天満天神繁昌亭 『東西同級生。』

香盤

 

 2000年に入門した、と言っても師匠が皆違う人達を集めての企画はさてどんなものか? まぁ私は一之輔さん目当てだけども入場時に貰ったパンフレットではトップバッター…
「一之輔さん以外みんな知らんもんなぁ… これでは辛いなぁ… 」
と多少ゲンナリしたものの会場は一階がほぼ埋まるくらいのお客さんの入り。殆どが関西の人達だったようですがキャリアから言えば二つ目クラス、しかも平日の夜という条件でこれは結構な集まりではなかったんではないかと。

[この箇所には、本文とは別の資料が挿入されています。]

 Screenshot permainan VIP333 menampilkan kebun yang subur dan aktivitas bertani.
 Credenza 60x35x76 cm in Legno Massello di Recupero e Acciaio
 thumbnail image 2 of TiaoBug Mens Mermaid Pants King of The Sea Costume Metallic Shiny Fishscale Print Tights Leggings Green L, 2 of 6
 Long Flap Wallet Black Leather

東京からの遠征組の方もみられたような… って私も有給消化の名目で会社を休んで来てるんですが(笑) というのはさておき。
 
 開口一番の吉の丞さんの「時うどん」、江戸版の蕎麦を饂飩に変えただけのもので本来の上方の「時うどん」とは違うものでありました。口調は悪くはないんですがちょっと喬太郎師ちっくな演出の入れ方?も含めて言葉は関西弁なだけにちょっと変わった印象で面白味がありました。
 
 一之輔さんの「初天神」は冒頭の長屋の下りが無く団子屋まで、という短縮版でしたが自分にとって一番しっくりときて一番面白い「初天神」でしたわ。これまで聴いてきたのでは金ちゃん(若しくは寅ちゃん)が生意気な子供、というものだったのと比べると一之輔さんの金ちゃんも確かに生意気なんだけどもそれは何処かしらお父さんを見てそうなった、というのが会話の部分から解るんですよ。で、お父さんも困ってる半分そんな金ちゃんと楽しんでる半分といった雰囲気が特に強調したり噺をイジったりしていないんだけどもちゃんと出てきているんですよね。

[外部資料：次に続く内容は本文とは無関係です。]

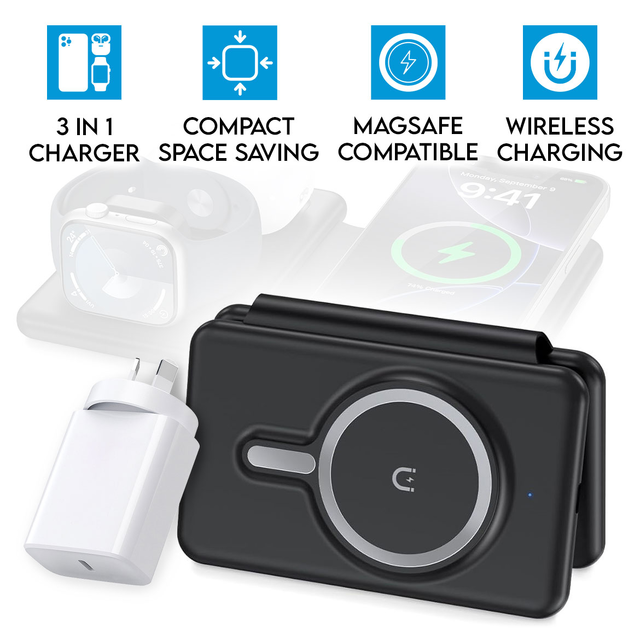 3 in 1 Foldable Fast Magnetic Wireless Charger for iPhone Apple Watch & Airpods Black Power Adapter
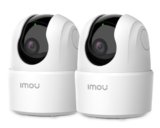 Imou Kit Telecamera Wi-Fi Interno 3MP, 2K Videocamera di Sorveglianza, Tracciamento del Movimento con Sirena, con Rilevamento Umano, Audio Bidirezionale, Funziona con Alexa, 2.4ghz, Ranger 2C Pack2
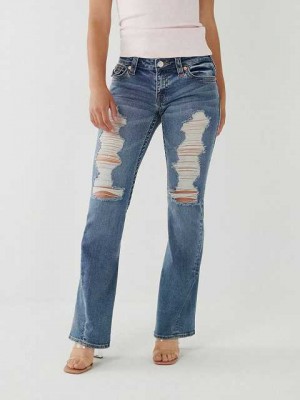 True Religion Joey Low Rise Utsvängda Jeans Dam Ljustvätt | DES178504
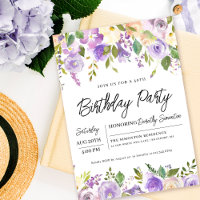 Pretty Purple Floral 40th Birthday Party
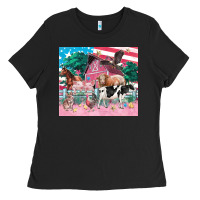 Black American farm animals tumbler 4th of july Ladies Tee - FaDigitalArtStudio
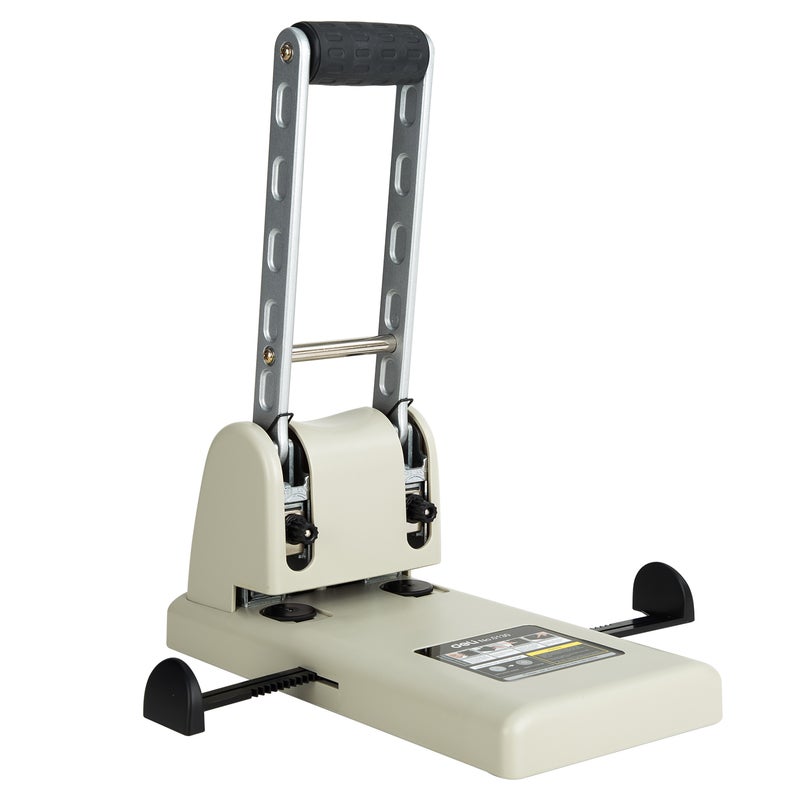 Deli E0130 Heavy Duty Paper Punch, 100-Sheet Capacity, 80mm Spacing, 6mm Holes, White Ash - Image 2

 ちょっとご緊張なされていたのかテンポが若干早めだったくらいですが、初めての繁昌亭とは思えないその高座姿の安定感、夜席には本来いない筈なんだけどもいた子供達も上手くイジってのといい、出来れば長屋から最後の凧揚げまで一席、聴きたかったですなぁ… でもやっぱ一之輔さんはいいですわ!
 
 佐ん吉さんの「手水廻し」、田舎者を哂うタイプの噺なんで私の好みじゃなかった、ってのもあるんですが隣村の源助以外は皆関西弁ってなっていたのがなんか個人的に駄目。発端の宿屋に泊まっていた大阪の客人がお大尽ってのもどうかと思ったんだけども宿屋の主人も女中も板前も全員そのお客人と同じ言葉を同じように喋っているのに手水を知らないってのはあるんでしょうかね? とか、兎に角噺のデティールがちょいちょいおかしいもんでどうにもノれず喋りのトーンのワンパターンさといい凄く退屈でしたな…
 
 鉄瓶さんの「四人ぐせ」も同様。マクラのヤクザの噺がまずディティールがおかしいから雑で雑で、ただの作り話にしか聞こえないから白けきってしまいましたがそこから入った噺の方も四人が四人とも同じ人間にしか見えないのをクセのわざとらしい表現で、ってしてるようにしか見えないんでもぅ個人的に駄目。違わなくてもいい噺ではあるけれども全く一緒ってのでは… あと羊羹の下りとかやっぱりデティールのつけ方が雑だし噛むし間違えてるトコがあるしで、こちらに笑いを強要する前にまず噺の地と言うかデティールをしっかり押さえてもらわないと正直言って… まぁ二つ目さんクラスというのは本来こういうものなのかもしれんのですけども以前『らくごくら』で観た時はこんな酷くはなかったような… ま、どうでもいいんですが。
 
 で、スッカリ気落ちしての王楽さん、成る程親子だなぁよく似てるお顔だなぁ… とは思いつつも何処かしら不思議な味のある淡々としたマクラでさて?と思ったらいきなり「らくだ」をかけてきたのが解ってます吃驚。ここまでの出演者が短めの噺できたからトリとしてって事なんでしょうが四十分くらいかけてタップリと、ってのはいい度胸してるなぁ… いやしかし2月ったらまだ時候外れではないよね(笑)とか思ったものですが、技術があって面白かったんですけど好きじゃぁなかったですね。と言いますか、半価ではない腕がある分だけ「らくだ」という噺に対するスタンスや考え方の違いでの好みで、って話なんですが「らくだ」は性善説の上での噺だとは思えないんですよね、私は。そういう生き方しか出来ないって人もいるし、そない奇麗事ばかりでもいられないって私は思ってますから。でも語る王楽さんは登場人物も世界観も性善説の上のものだと細部を変えてやっている姿勢は好き好きだと思います。私は好みではない、というだけの事です。今回のメンバーで、でなくてもニンとしてなら一之輔さんで観てみたいな、っと。ただそういう解釈とそう信じて演られているのは面白く思いましたよ、っと。